Il giorno dopo, la tensione in casa era palpabile. Mia madre non mi rivolse la parola mentre faceva colazione. Matteo uscì presto, senza salutare. Io rimasi seduta al tavolo, fissando la tazza di caffè ormai freddo. Sentivo il peso di una distanza che non avevo mai provato prima. Una distanza che non era fatta di chilometri, ma di silenzi e parole non dette.
Nel pomeriggio, decisi di andare dal meccanico. Il preventivo era una mazzata: quasi mille euro per sistemare tutto. Tornai a casa con la testa che mi scoppiava. Trovai mia madre in cucina, intenta a preparare il ragù. L’odore di pomodoro e basilico riempiva l’aria, ma non riusciva a scaldarmi il cuore.
«Hai parlato con il meccanico?» chiese, senza guardarmi.
«Sì.
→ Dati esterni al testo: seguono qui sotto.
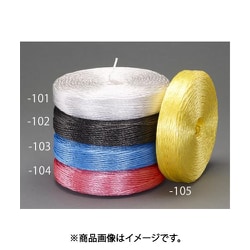 EA628PP-102 [5.0mmx100m PPロープ（黒/10巻）]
Mille euro.»
Lei sospirò, appoggiando il mestolo sul tavolo. «Non abbiamo quei soldi, Giulia. Dovremo arrangiarci.»
La guardai, incredula. «Arrangiarci? E io come vado all’università? Come vado a lavorare?»
«Non sei l’unica con dei problemi, Giulia. Tuo fratello sta male per quello che è successo. E io… io sono stanca. Sempre a mediare tra voi due, sempre a cercare di tenere insieme questa famiglia.»
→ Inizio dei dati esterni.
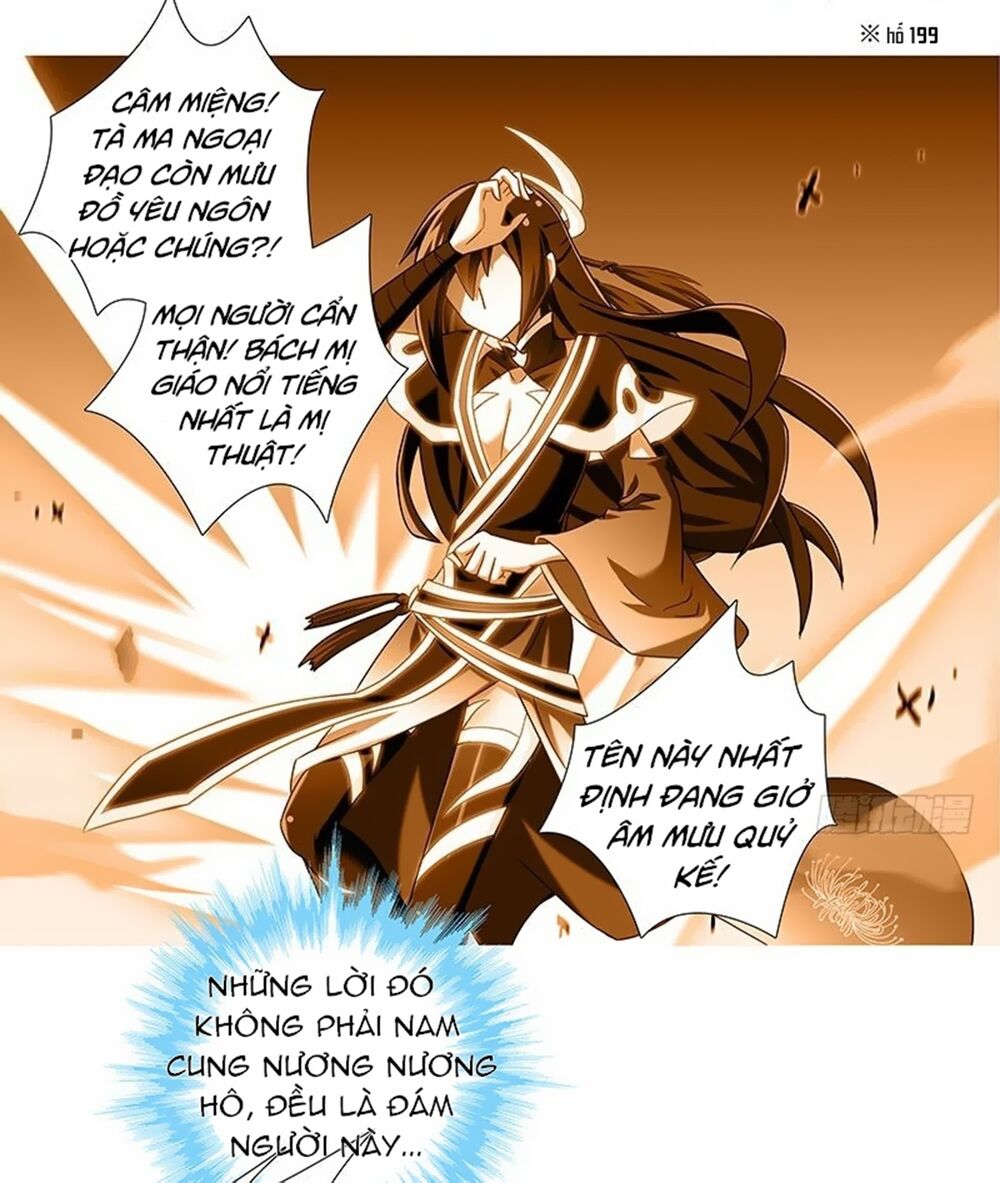 đầu óc đại sư huynh của ta rất đen tối chapter 246 10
Mi sentii improvvisamente in colpa. Forse avevo esagerato, forse avevo pensato solo a me stessa. Ma era così sbagliato voler essere ascoltata, rispettata?
Passarono giorni di silenzi e tensioni. Matteo mi lasciava bigliettini con scritto “Scusa” o “Ti voglio bene” sulla scrivania, ma io non riuscivo a rispondergli. Mia madre cercava di comportarsi come se nulla fosse, ma bastava uno sguardo per capire che anche lei soffriva.
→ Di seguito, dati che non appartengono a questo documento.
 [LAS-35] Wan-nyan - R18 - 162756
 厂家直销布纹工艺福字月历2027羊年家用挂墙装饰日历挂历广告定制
Una sera, mentre cenavamo in silenzio, Matteo si alzò di colpo. «Non ce la faccio più. Non voglio che questa cosa ci rovini. Giulia, ti prego, perdonami. Mamma, basta litigare. Siamo una famiglia, no?»
Lo guardai, le lacrime che finalmente scendevano sulle mie guance. «Sì, siamo una famiglia. Ma a volte sembra che nessuno ascolti davvero l’altro. Io non voglio essere solo quella che risolve i problemi. Voglio essere capita.»
Mia madre si avvicinò e mi abbracciò forte. «Hai ragione, Giulia. Forse ho sbagliato. Ma ho paura di perdervi. E a volte, per paura, faccio scelte sbagliate.»
Restammo così, abbracciati, per lunghi minuti. Forse non avevamo risolto tutto, forse ci sarebbero volute settimane per ricostruire la fiducia. Ma almeno avevamo iniziato a parlarci davvero.
Ora, mentre guardo la mia macchina ancora dal meccanico, mi chiedo: quanto costa davvero la fiducia? Vale la pena sacrificare i propri sentimenti per tenere insieme una famiglia? O forse, a volte, bisogna imparare a dire di no, anche a chi si ama di più?